A tool to compress Molecular Dynamics trajectories using Principal Components Analysis
This program suite allows the user to compress Molecular Dynamics (MD) trajectories using Principal Component Analysis (PCA) algorithms. This technique offers a good compression ratio at the expense of losing some precision in the trajectory.
One of the main shortcomings to popularize the use of Molecular Dynamics are its potentially large trajectory files. State-of-the-art simulation in the high nanosecond time scale can span easily several Gb, especially for large systems. Traditional general compression algorithms like LZW have been used in order to reduce the required space, but they usually do not perform well with this kind of data. However, trajectory data is not random. It follows patterns with well defined meaning that can be exploted for data compression. In particular, higher frequency movements can be discarded without affecting the overall dynamics of the system. Principal Component Analysis is one of the most used techniques to capture the essential movements of a macromolecular system. It implies a change in the coordinate space where reference eigenvectors are chosen according to the amount of system variance explained. The aim is to select the minimum number of reference coordinates that explain a given amount of system variance. The technique allows to select the degree of fidelity to the original trajectory. Chosing all eigenvectors there is no change in the accurancy of the trajectory. However, removing eigenvectors with the lowest amount of explained variance, has little effect on the overall behavior of the system, but has a remarkable effect on the size of the data.

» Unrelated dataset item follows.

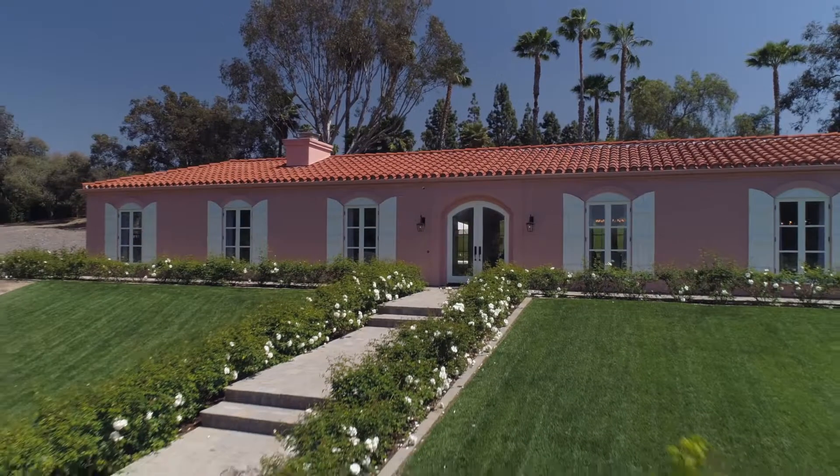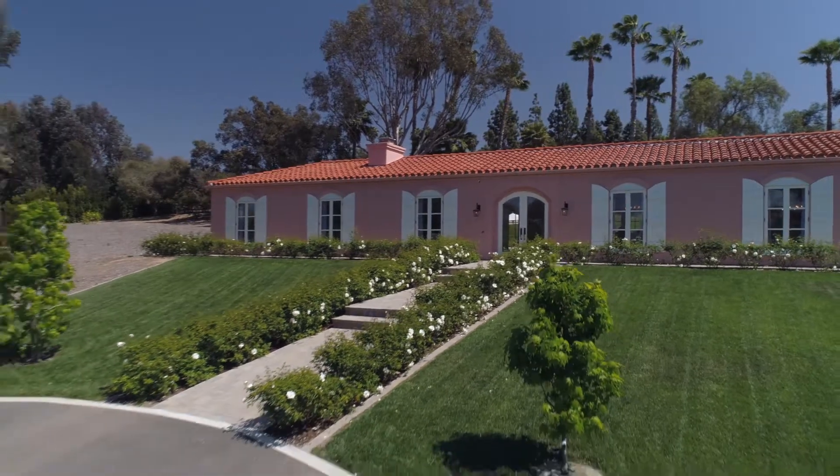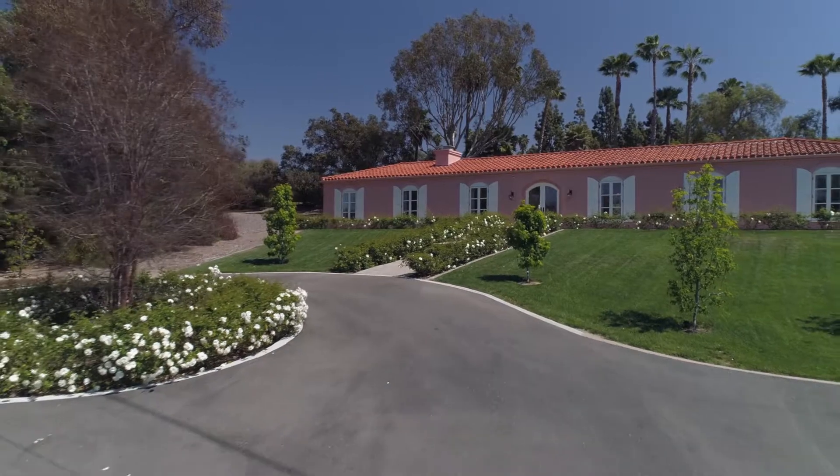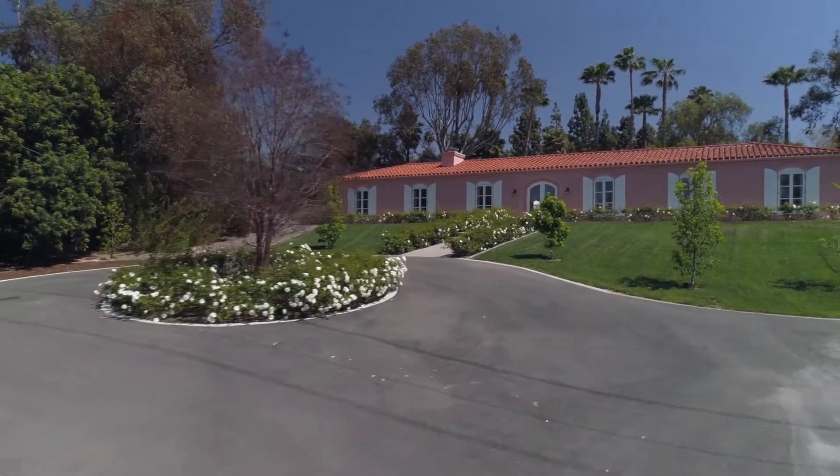I think when designers and homeowners and architects really get it right, they're able to provide something to the outward view and something to the inward view that is uniquely its own identity.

Let's suppose we have a MD trajectory of N atoms and F frames. The first action is to prepare the input for the real processing and compression. Trajectory must be superimposed onto a representative structure. This would minimize the oscilations around the average structure and, hence, minimize the number of required eigenvectors. This action is performed in three steps:
The superimposition is performed looking for the best RMSd fit. This value can be computed using two different algorithms:
The gaussian RMSd algorithm may help to reduce the number of eigenvectors needed for a given compression, thus reducing the size of the compressed file. The gaussian RMSd algorithm also allows for other analysis, like the hinge point prediction, much more difficult and imprecise using a standard RMSd algorithm.
The first step is to compute the covariance matrix of the trajectory, where the random variables are the coordinates of the N atoms. This leads to a symmetric square matrix of 3N*3N dimensions. The matrix is then diagonalized to get the associated eigenvalues and eigenvectors. The sum of all the eigenvalues is the total variance of the trajectory, and the individual eigenvalues are the variance quantity explained by the corresponding eigenvector. Using this data the number eigenvectors that explain the desired percentage of the total variance can be selected (NV). A higher number of eigenvector implies a more accurate representation of the original trajectory, but leads to a lower compression rate.
Once the eigenvectors have been selected, coordinated of the original F frames are projected onto the new coordinate space. The final output of the algorithm contains the average structure, the eigenvectors and the calculated projections. The size of stored coordinates is reduced from F*3N to F*3NV. PCA suite also stores other information, like the eigenvalues and the atom names to allow to perform the analysis and manipulations in a quick and more flexible way.
Through the evolution of this code, the format used by the compressed files has changed along time. PCA suite works natively with the PCZ4 format, but it also supports files stored in PCZ2 and PCZ3 formats. All the formats are binary-based, being the PCZ2 and PCZ3 very similar and PCZ4 adding new features.
The most important improvement in PCZ4 is the inclusion of the atom names that makes possible to use masks to perform the actions on set of selected atoms.
PCAsuite is portable and can be compiled for any usual architecture. We also provide statically precompiled binaries for the most popular systems and architectures.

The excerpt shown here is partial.